● **What to do**
Write the data below out exactly as it stands. Do not include the pictures.

● **Data provided**
++++++++++++++++++++
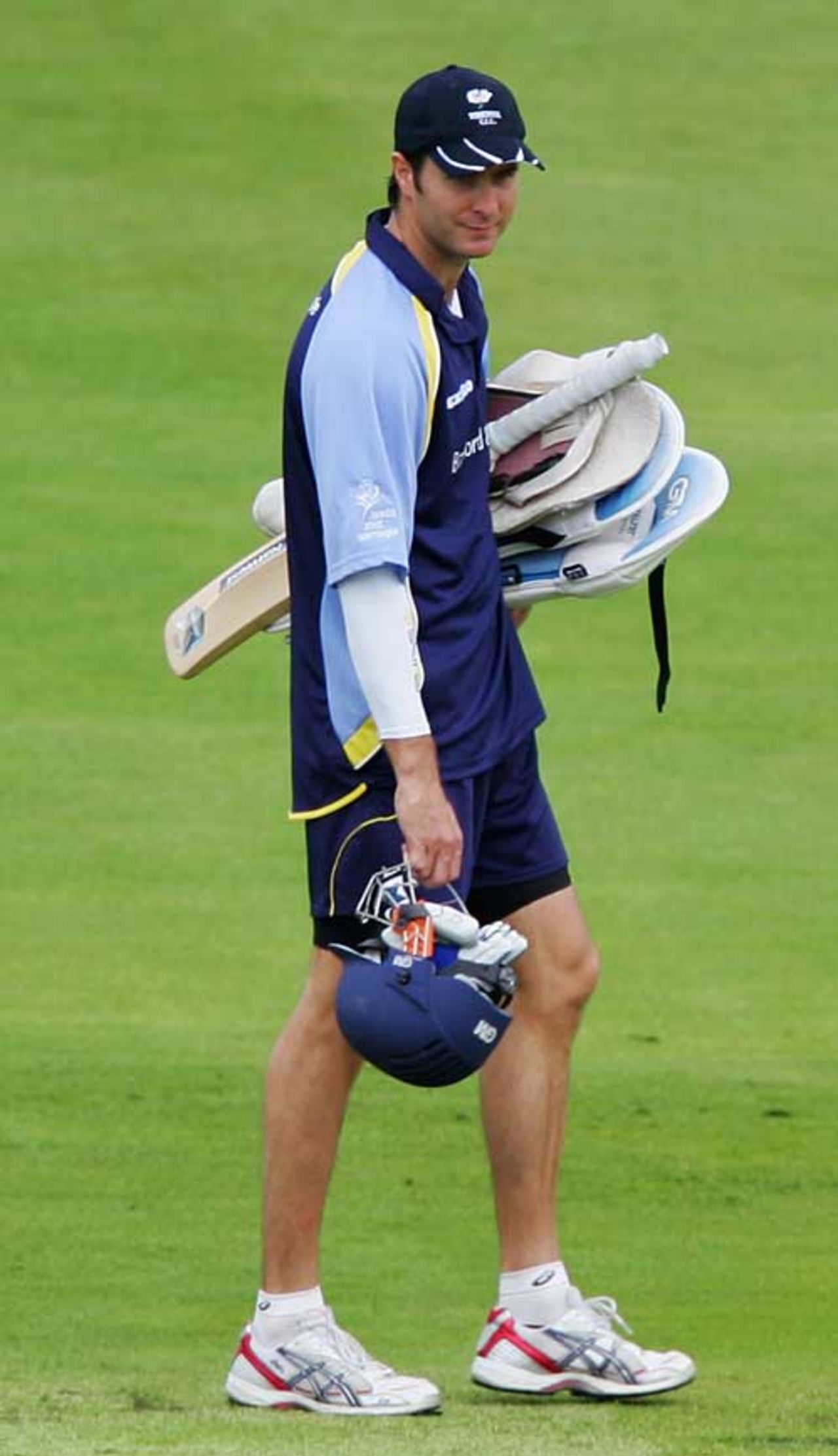 Michael Vaughan heads for the nets as a wet outfield delays the start of the Roses clash, Lancashire v Yorkshire, County Championship, Old Trafford, July 8, 2007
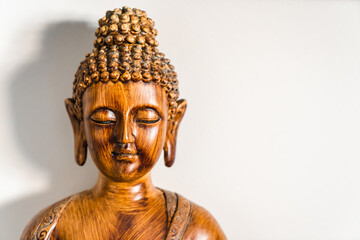 Buddha statue meditating with faith minimalist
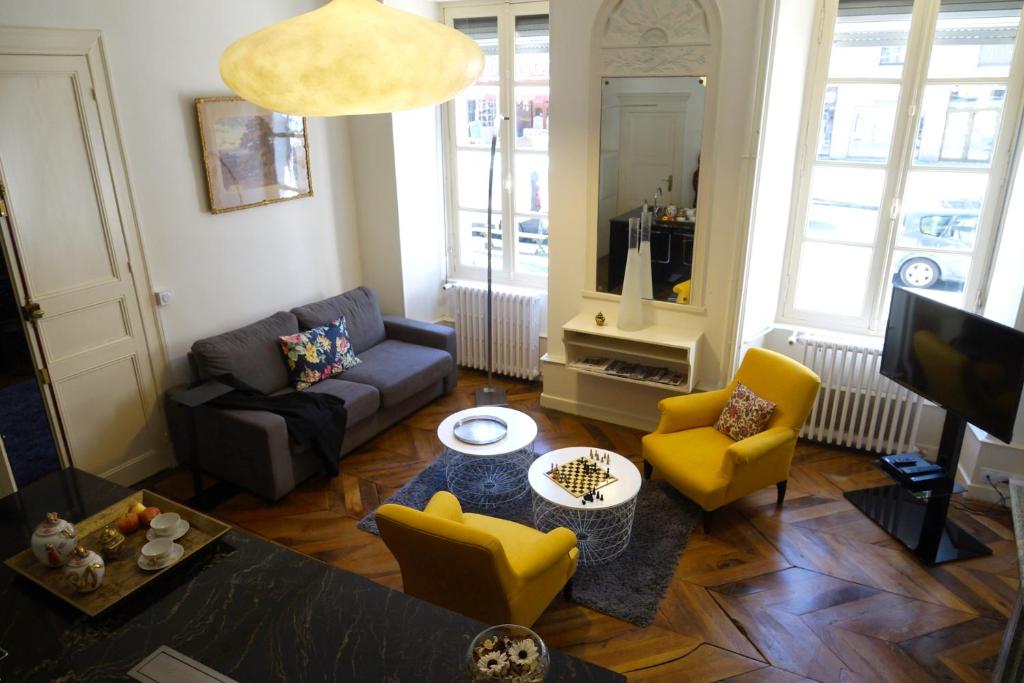 a living room with a couch and yellow chairs at Maison Eugénie in Luchon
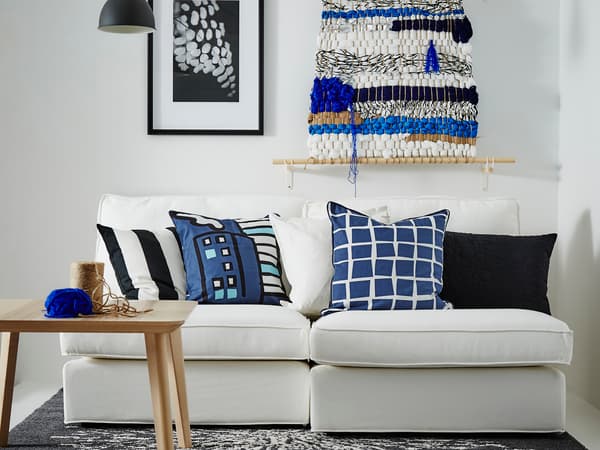白いソファにブルー系クッションを合わせた北欧風リビング。壁にアートを飾り爽やかな雰囲気。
++++++++++++++++++++
● **Task response**
 Michael Vaughan heads for the nets as a wet outfield delays the start of the Roses clash, Lancashire v Yorkshire, County Championship, Old Trafford, July 8, 2007
 Buddha statue meditating with faith minimalist
 a living room with a couch and yellow chairs at Maison Eugénie in Luchon
白いソファにブルー系クッションを合わせた北欧風リビング。壁にアートを飾り爽やかな雰囲気。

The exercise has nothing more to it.